Kernels¶

One of the tasks we’re now familiar with is feature engineering: we transform raw data into feature vectors through a feature map. This process can take a long ass time, especially if we decide to have a ton of features. The kernel trick, or kernelization, can make things so we don’t need our feature map, but just a similarity map between datapoints.

Say we have a dataset with $d$ features and we want to fit a degree-$p$ polynomial decision boundary to them. Of course, overfitting is always an issue here. But we will also be using way more features- specifically, $O(d^p)$ features for a degree-$p$ polynomial with $d$ features in our dataset! For example, if we have $d = 100$ features and want to fit a degree $p = 4$ decision function- each lifted feature vector needs to account for all combinations of features, and thus will have about four million features. Not good.
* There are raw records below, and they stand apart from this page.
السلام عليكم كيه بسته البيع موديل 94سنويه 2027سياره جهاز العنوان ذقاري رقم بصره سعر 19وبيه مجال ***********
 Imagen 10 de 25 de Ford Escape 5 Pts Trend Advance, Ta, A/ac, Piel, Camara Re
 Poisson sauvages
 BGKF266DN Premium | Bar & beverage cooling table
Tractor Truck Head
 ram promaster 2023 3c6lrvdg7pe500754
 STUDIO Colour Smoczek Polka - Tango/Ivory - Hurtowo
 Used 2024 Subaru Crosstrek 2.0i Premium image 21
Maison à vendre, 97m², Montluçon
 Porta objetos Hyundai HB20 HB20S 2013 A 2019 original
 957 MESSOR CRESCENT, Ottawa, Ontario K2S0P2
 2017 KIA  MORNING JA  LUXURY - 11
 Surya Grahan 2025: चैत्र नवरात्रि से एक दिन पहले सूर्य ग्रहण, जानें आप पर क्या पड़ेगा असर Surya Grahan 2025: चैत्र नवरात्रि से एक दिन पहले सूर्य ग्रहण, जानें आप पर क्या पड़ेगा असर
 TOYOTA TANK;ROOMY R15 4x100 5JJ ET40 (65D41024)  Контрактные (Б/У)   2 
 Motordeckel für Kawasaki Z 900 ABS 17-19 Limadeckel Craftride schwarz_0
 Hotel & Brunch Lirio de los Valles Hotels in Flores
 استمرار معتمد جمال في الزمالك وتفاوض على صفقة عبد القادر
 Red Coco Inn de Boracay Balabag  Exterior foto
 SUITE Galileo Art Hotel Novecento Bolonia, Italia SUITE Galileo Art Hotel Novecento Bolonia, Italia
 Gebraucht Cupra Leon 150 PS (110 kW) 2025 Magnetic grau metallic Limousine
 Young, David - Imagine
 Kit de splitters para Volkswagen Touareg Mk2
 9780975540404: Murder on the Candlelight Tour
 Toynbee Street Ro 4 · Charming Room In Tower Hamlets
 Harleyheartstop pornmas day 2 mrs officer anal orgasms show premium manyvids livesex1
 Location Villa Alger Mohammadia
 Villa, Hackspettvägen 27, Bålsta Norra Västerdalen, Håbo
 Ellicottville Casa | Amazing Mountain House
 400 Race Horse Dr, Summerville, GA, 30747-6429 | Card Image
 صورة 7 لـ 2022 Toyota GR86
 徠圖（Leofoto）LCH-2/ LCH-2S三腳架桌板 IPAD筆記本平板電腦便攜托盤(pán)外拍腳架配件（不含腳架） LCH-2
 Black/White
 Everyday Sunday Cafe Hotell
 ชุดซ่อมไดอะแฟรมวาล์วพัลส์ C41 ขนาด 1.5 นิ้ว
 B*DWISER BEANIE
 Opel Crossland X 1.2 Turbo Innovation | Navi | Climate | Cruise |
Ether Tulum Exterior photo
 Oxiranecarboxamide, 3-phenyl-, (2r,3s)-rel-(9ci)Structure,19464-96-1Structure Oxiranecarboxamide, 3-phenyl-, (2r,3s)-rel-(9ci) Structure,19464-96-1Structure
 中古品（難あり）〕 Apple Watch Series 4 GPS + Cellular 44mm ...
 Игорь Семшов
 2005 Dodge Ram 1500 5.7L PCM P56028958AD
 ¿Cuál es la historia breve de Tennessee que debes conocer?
With kernelization, we’ll find we can still compute this feature vector incredibly fast; we don’t need to compute all features explicitly to use them.

Kernelization is based on two observations about many learning algorithms.

The optimal solution for an optomization problem can often be written as a linear combination of the sample points. We see this in a lot of algorithms: SVMs, ridge regression, perceptrons, logistic regression, etc.
We can denote optimal solutions as inner products of lifted feature vectors. For a sample point $x$, lifted feature vector is denoted as $\Phi(x)$. Many optomization algorithms only require computation of the inner product of few $\Phi(x)$ vectors as their central computation. Often we don’t need to compute $\Phi(x)$ to find their inner product!

Let’s take a mathematical look into observation 1. Let’s suppose optimal weight vector $w$ (could be many) takes the form:

$w = X^Ta = \sum_{i=1}^{n}a_iX_i$

where $X$ is our design matrix, and $a$ is our coefficient vector that indicates the optimal linear combination of sample points. If we assume this, we can instead the optimal $a$ instead of $w$. In practice, we simply substitute $w = X^Ta$ into our algorithm and solve for $a$. $a$’s weights are called dual weights. So now, our goal is to find $n$ optimal dual weights for $a$ instead of $d+1$ (or $d^p$) optimal primal weights for $w$.

Let’s do this for ridge regression as an example. Before we dualize the ridge regression equation, though, there’s one small detail we need to take care of first. In this case, we do want to penalize the bias term because we’re finding a linear combination of the sample points- this is only true IF we penalize the bias term. To minimize damage from this, we first center $X$ and $y$ so their means are zero. Specifically, for each sample point (row) $X_i$, subtract the mean $\mu_X$. For each $y_i$, subtract by $\mu_y$. Don’t center the bias column, though: a 0s column will not be useful.

With centered $X$ and $y$, it’s less harmful to penalize our bias term. So in the ridge regression equation, instead of $I'$ where the last diagonal element of $I'$ was 0, we can just use the identity matrix $I$ in our normal equations. Recall our normal equations for the standard primal form of ridge regression:

$(X^TX + \lambda I)w = X^Ty$

Why does centering help? If we have data from a random distribution, then the expected linear regression will pass through the origin. So centering $X,y$ will have the decision boundary likely to pass through the origin or close to it.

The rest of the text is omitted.